*Your assignment*:
Please copy the records exactly as they appear, with all pictures left out.

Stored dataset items
Start of Block

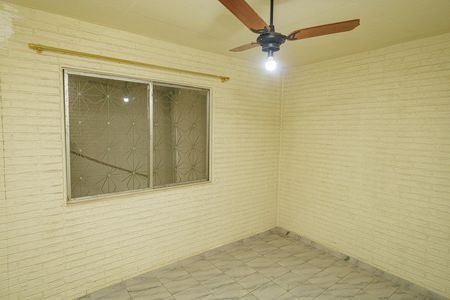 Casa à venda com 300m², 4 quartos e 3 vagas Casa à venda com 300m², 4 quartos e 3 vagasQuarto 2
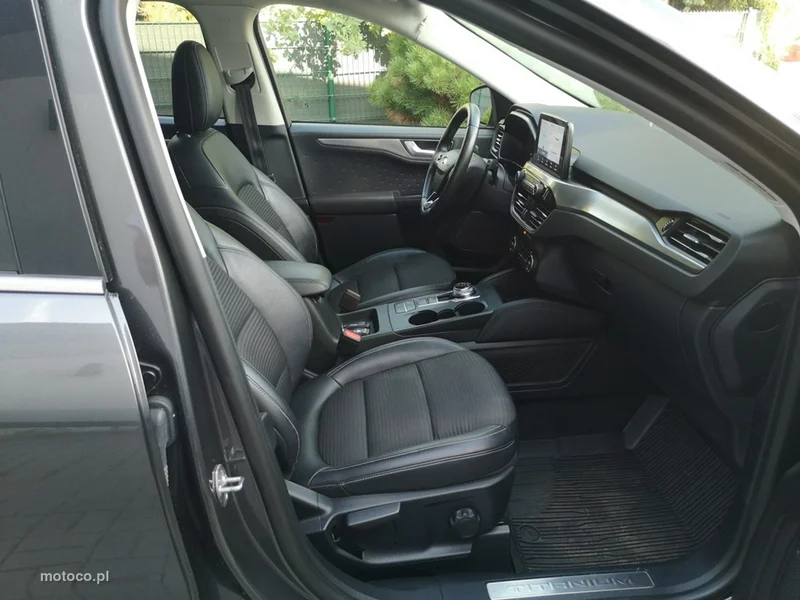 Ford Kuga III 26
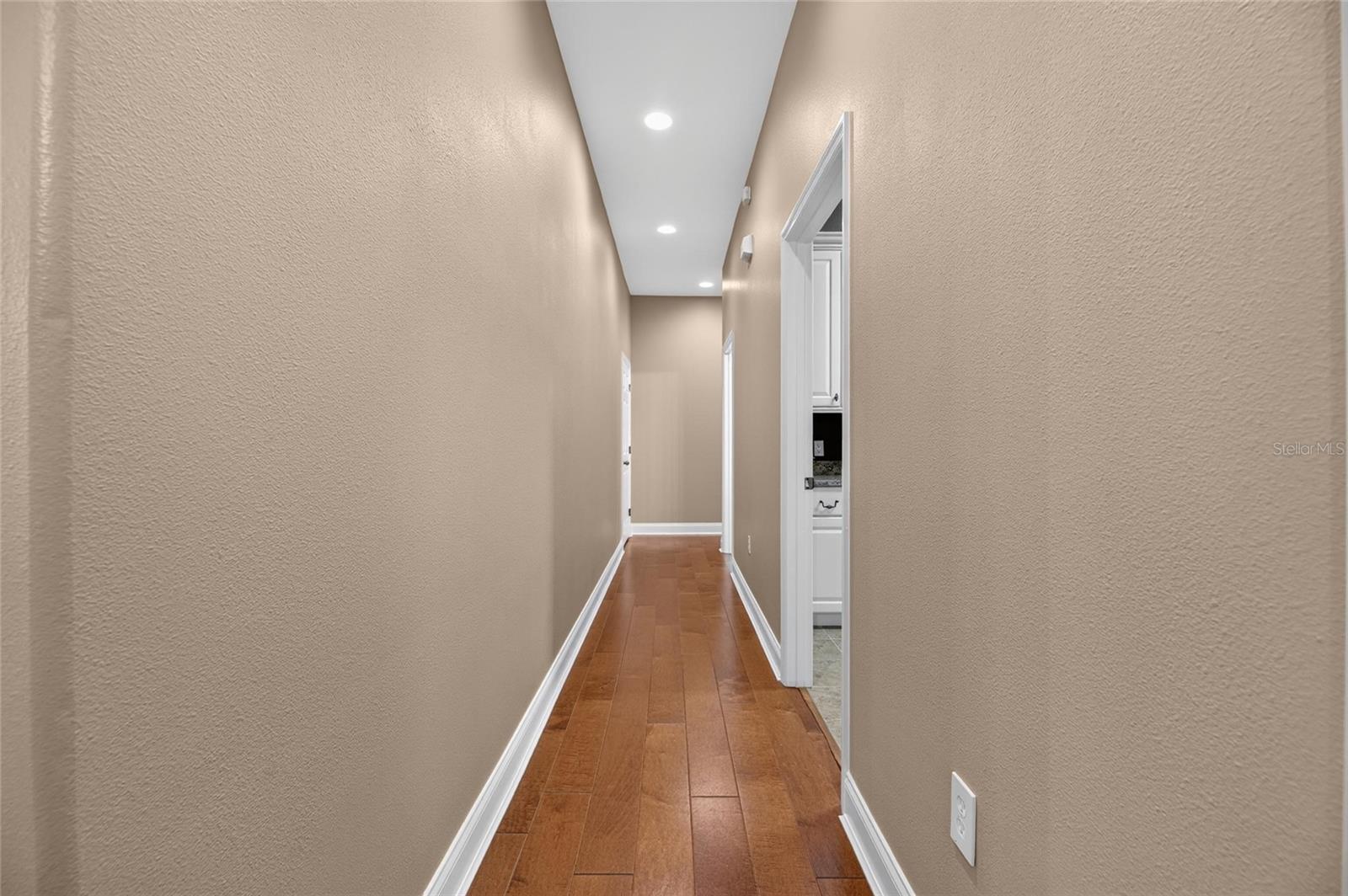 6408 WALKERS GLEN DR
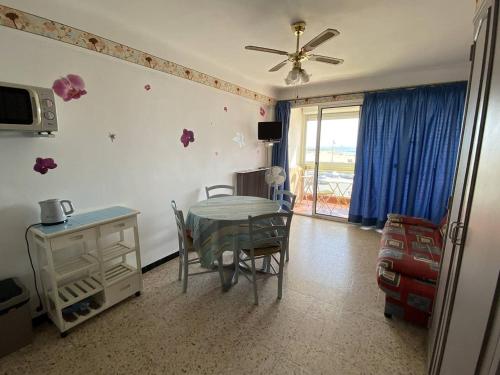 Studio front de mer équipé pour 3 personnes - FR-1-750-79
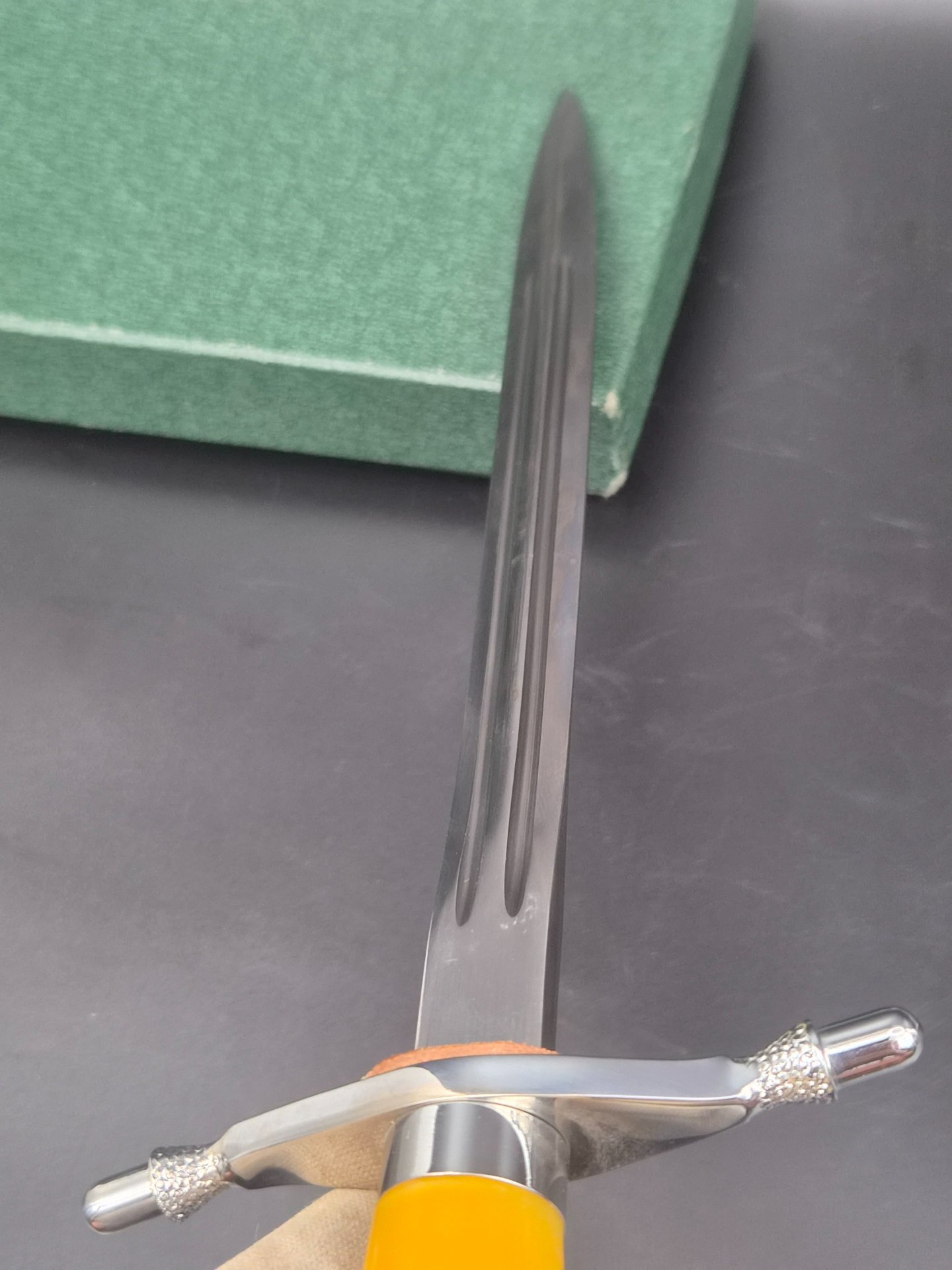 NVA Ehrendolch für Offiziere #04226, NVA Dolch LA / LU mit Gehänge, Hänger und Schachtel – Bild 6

End of Block

*Written answer*:
 Casa à venda com 300m², 4 quartos e 3 vagas Casa à venda com 300m², 4 quartos e 3 vagasQuarto 2
 Ford Kuga III 26
 6408 WALKERS GLEN DR
 Studio front de mer équipé pour 3 personnes - FR-1-750-79
 NVA Ehrendolch für Offiziere #04226, NVA Dolch LA / LU mit Gehänge, Hänger und Schachtel – Bild 6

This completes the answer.